Blog Post

Qualcomm wants to power the apps in your car’s dashboard

Qualcomm’s(s qcom) Snapdragon processors are already the dominant app engines in smartphones and tablets, but the company is now targeting a much larger device: the automobile. The silicon vendor announced at CES on Monday that it has developed an automotive-grade version of Snapdragon for the connected car infotainment system. The 602A chip includes a quad-core CPU, Adreno 320 GPU and additional multimedia and communication cores designed for the unique use case of the car. Qualcomm isn’t the only chipmaker that sees big opportunity in the automotive industry. Nvidia(s nvda) has also been pursuing the vehicle infotainment space aggressively.

2 Responses to “Qualcomm wants to power the apps in your car’s dashboard”

  1. Mcbeese

    I don’t want apps in my car any more than I want apps in my TV. I want an effective dock that allows my smart mobile device to interface with displays and UI controls that become an extension of my personal digital environment, not an alternative to it.
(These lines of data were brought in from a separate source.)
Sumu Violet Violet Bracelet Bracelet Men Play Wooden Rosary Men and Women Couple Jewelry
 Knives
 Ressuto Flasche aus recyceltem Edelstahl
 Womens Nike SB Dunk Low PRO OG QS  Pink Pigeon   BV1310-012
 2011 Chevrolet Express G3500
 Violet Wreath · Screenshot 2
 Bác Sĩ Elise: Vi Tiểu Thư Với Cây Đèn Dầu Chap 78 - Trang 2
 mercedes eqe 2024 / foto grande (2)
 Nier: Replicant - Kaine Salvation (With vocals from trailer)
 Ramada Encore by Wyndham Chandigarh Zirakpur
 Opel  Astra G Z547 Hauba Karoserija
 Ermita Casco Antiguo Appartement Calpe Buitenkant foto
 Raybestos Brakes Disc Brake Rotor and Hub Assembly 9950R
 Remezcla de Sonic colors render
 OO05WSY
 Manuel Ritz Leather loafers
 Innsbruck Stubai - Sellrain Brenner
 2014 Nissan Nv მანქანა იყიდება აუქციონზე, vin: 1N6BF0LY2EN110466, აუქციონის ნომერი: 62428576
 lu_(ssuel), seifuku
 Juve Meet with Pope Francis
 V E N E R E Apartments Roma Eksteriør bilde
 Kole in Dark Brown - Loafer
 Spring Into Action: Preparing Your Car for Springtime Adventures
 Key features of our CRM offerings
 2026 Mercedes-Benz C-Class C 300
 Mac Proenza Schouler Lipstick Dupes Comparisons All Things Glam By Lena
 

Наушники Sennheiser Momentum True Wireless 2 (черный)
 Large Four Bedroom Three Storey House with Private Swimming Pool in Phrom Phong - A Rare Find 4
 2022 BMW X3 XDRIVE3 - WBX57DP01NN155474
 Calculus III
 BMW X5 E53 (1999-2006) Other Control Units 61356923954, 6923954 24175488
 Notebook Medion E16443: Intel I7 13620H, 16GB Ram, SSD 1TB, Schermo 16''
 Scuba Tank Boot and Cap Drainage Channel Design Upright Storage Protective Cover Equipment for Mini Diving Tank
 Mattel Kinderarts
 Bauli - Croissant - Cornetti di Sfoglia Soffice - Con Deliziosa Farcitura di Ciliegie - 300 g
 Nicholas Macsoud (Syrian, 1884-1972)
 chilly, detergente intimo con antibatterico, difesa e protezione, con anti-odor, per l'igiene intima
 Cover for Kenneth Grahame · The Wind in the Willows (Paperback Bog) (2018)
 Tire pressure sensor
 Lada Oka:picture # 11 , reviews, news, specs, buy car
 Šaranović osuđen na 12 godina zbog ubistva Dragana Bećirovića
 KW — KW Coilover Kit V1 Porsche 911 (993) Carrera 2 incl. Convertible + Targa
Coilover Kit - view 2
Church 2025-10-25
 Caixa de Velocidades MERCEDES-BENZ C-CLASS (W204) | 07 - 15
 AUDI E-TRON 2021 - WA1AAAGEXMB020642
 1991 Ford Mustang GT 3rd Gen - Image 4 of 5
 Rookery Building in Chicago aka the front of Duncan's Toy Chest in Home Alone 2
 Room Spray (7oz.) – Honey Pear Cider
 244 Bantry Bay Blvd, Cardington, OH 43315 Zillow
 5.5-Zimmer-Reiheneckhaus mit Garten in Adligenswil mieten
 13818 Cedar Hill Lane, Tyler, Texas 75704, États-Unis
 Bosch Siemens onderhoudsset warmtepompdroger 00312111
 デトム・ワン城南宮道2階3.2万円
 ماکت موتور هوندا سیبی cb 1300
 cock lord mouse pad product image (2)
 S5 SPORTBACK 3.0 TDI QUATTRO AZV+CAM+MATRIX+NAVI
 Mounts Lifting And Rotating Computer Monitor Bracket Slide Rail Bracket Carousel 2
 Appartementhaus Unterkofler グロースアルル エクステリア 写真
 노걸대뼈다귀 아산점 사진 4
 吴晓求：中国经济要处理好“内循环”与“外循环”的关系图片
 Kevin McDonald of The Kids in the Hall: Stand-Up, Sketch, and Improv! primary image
    • Good luck with that. Automakers are accustomed to having total control over the car space and they are doing everything they can to keep it that way.

      The main issue against them is the SLOW technology refresh cycles. They still don’t quite understand how to tackle the problem themselves. They know the obvious solution BUT don’t want to cede control, even partially, to 3rd parties. Hence the creation of little ecosystems.

      Still the bigger problem is not being able to keep up with technology. Q and N want to “help” them in that front.

      Still, I believe the best solution is the one you describe. Where the phone becomes the centerpiece, the brains behind navigation, info-entertainment, and other services inside the car. It only makes sense, as long as more sensitive sections of the car are segregated, it would the best way to keep car and UIs up to date.

      BUT it will only happen if this last effort from automakers do not yield the results they want to see. If the new units sell as poorly as current navigation packages do in most models, maybe we will get to enjoy this option.